Crawled caption data:

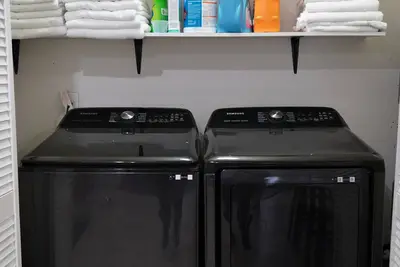 Image de Charming 5-bedroom home, Near Downtown, Beale Street & Memphis Zoo.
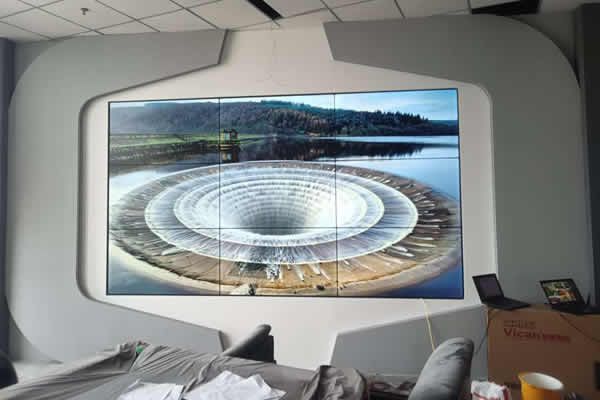 LED顯示屏好還是LCD拼接屏好，它們有哪些區(qū)別？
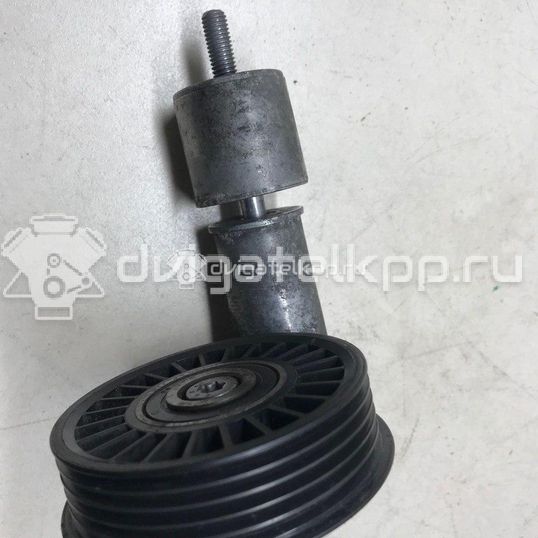 Фото Ролик руч.ремня с кронштейном  038145283A для Skoda Octavia / Superb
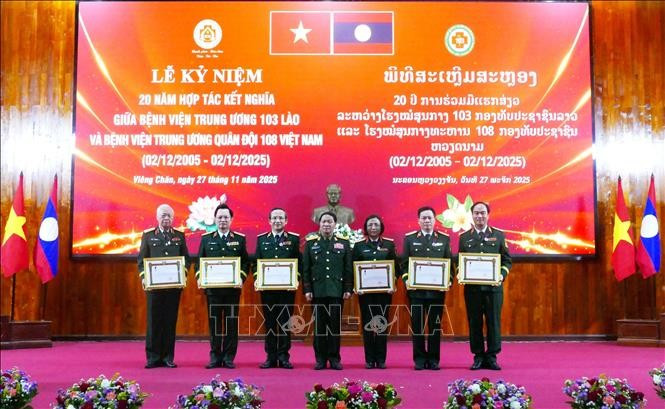 老挝国防部副部长、老挝人民军总政治局主任冯松•英潘平上将向越南108中央军队医院的个人授予老挝国家的劳动勋章。（图片来源：越通社）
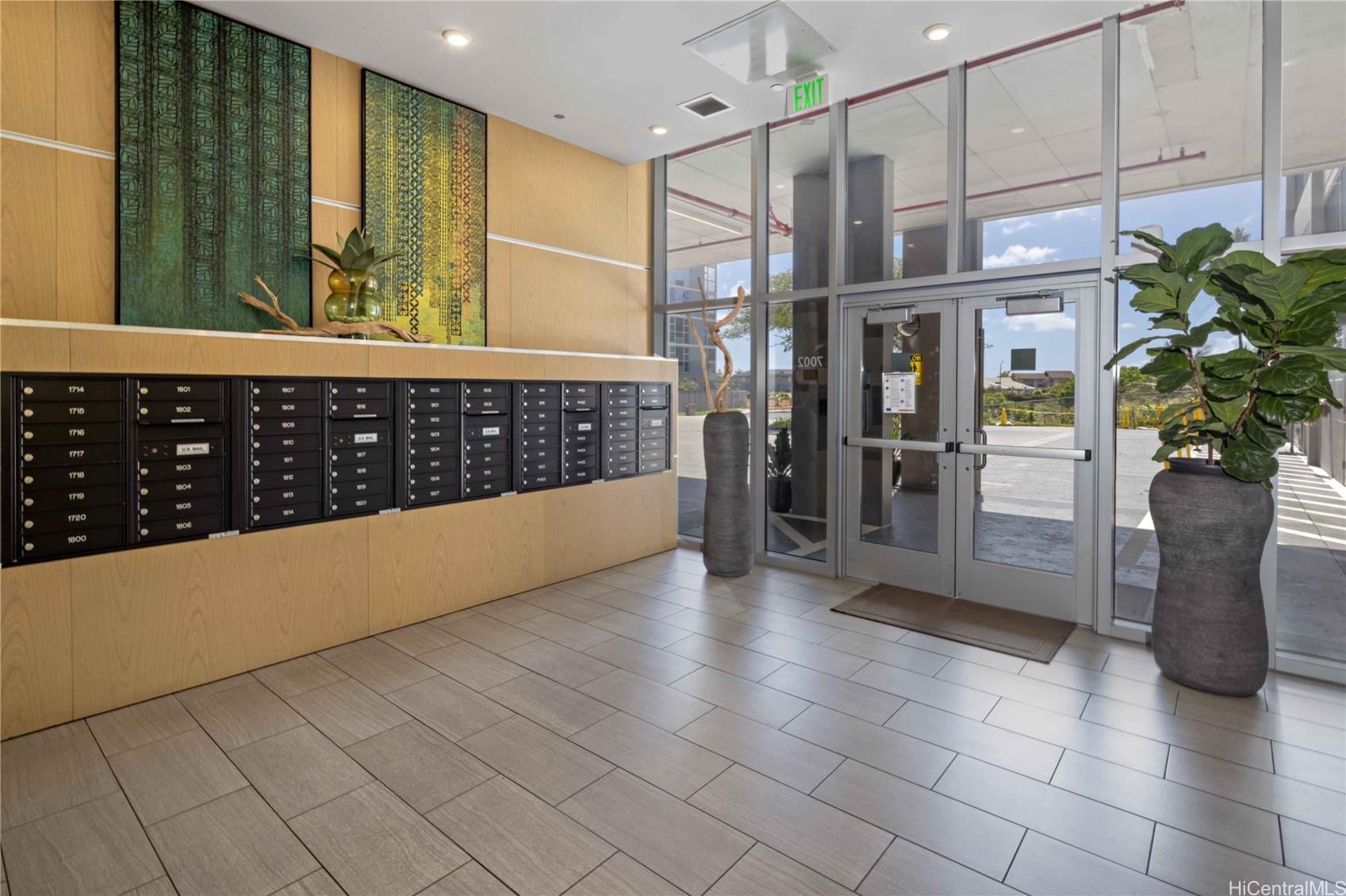 7002 Hawaii Kai Drive 1703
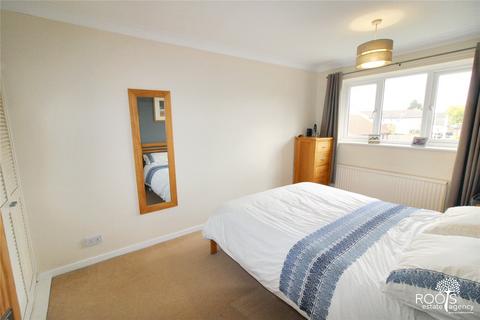 17 The Quantocks, Thatcham, RG19 3SF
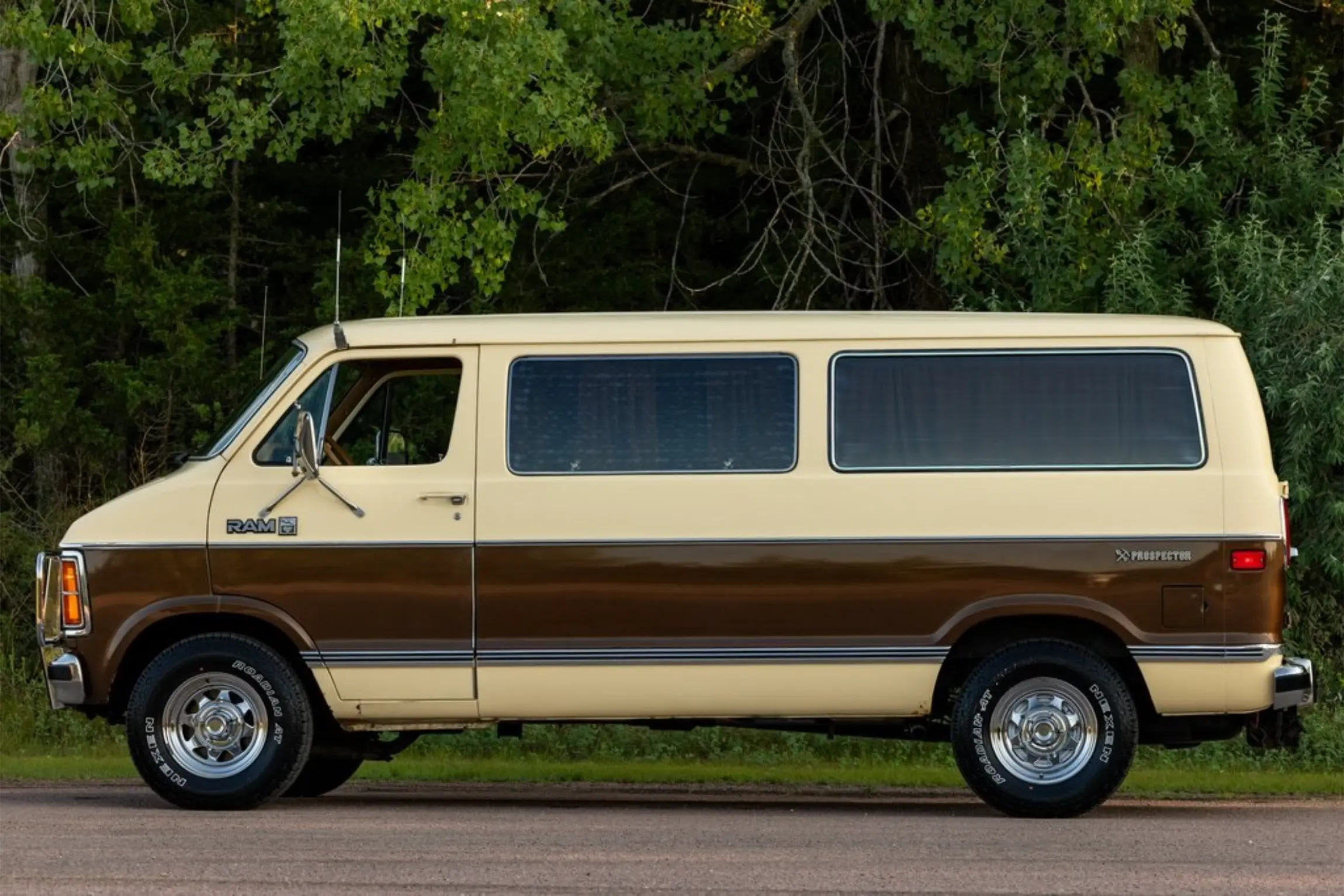 1985-dodge-ram-van-250-prospector-rwd-passenger-van-for-sale-13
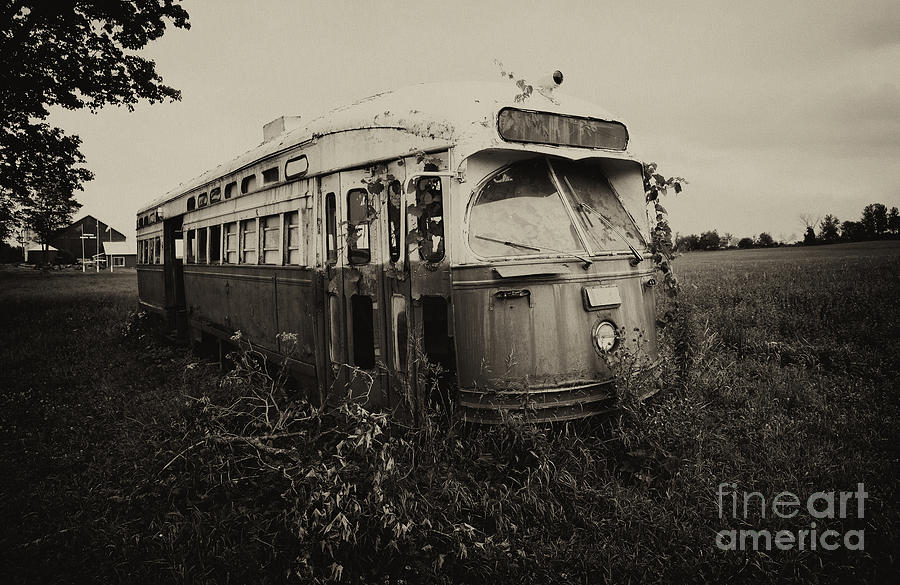 Rusty Bus Photograph by James Yang - Fine Art America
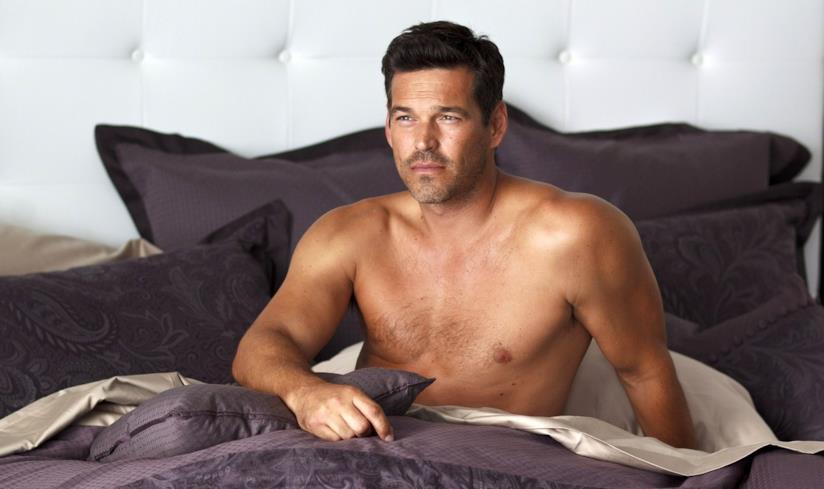 Eddie Cibrain entra nel cast di Rosewood 2 al posto di Brian Austin Green Eddie Cibrain a torso nudo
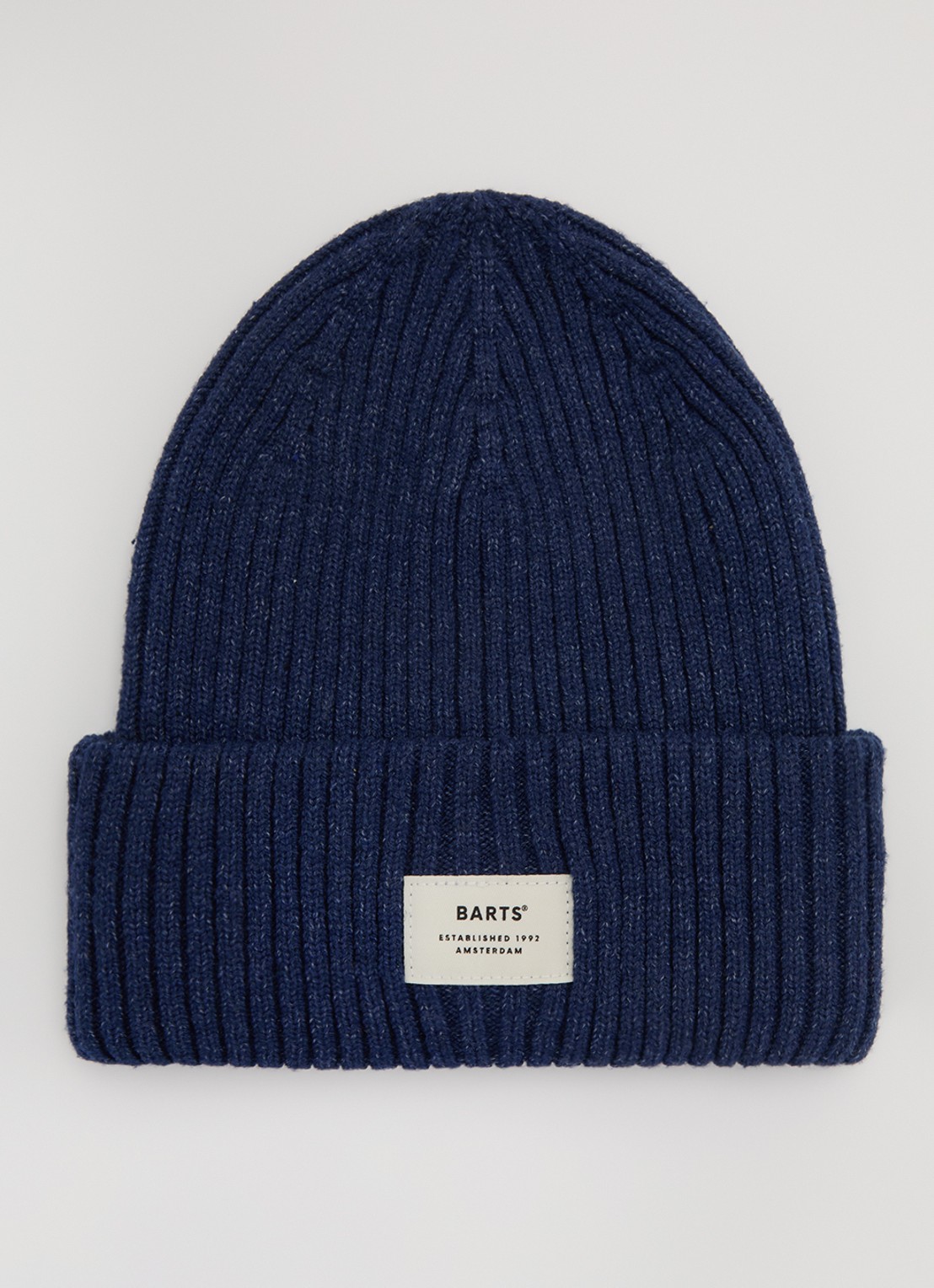 Barts Basalth ribgebreide muts met logo - voorkant donkerblauw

**WORK INSTRUCTION**: Nothing is needed beyond an exact transcription of the lines from the one containing "Eddie Cibrain entra" to the end of the entries above, with the pictures omitted.

**RESULT**:
 Eddie Cibrain entra nel cast di Rosewood 2 al posto di Brian Austin Green Eddie Cibrain a torso nudo
 Barts Basalth ribgebreide muts met logo - voorkant donkerblauw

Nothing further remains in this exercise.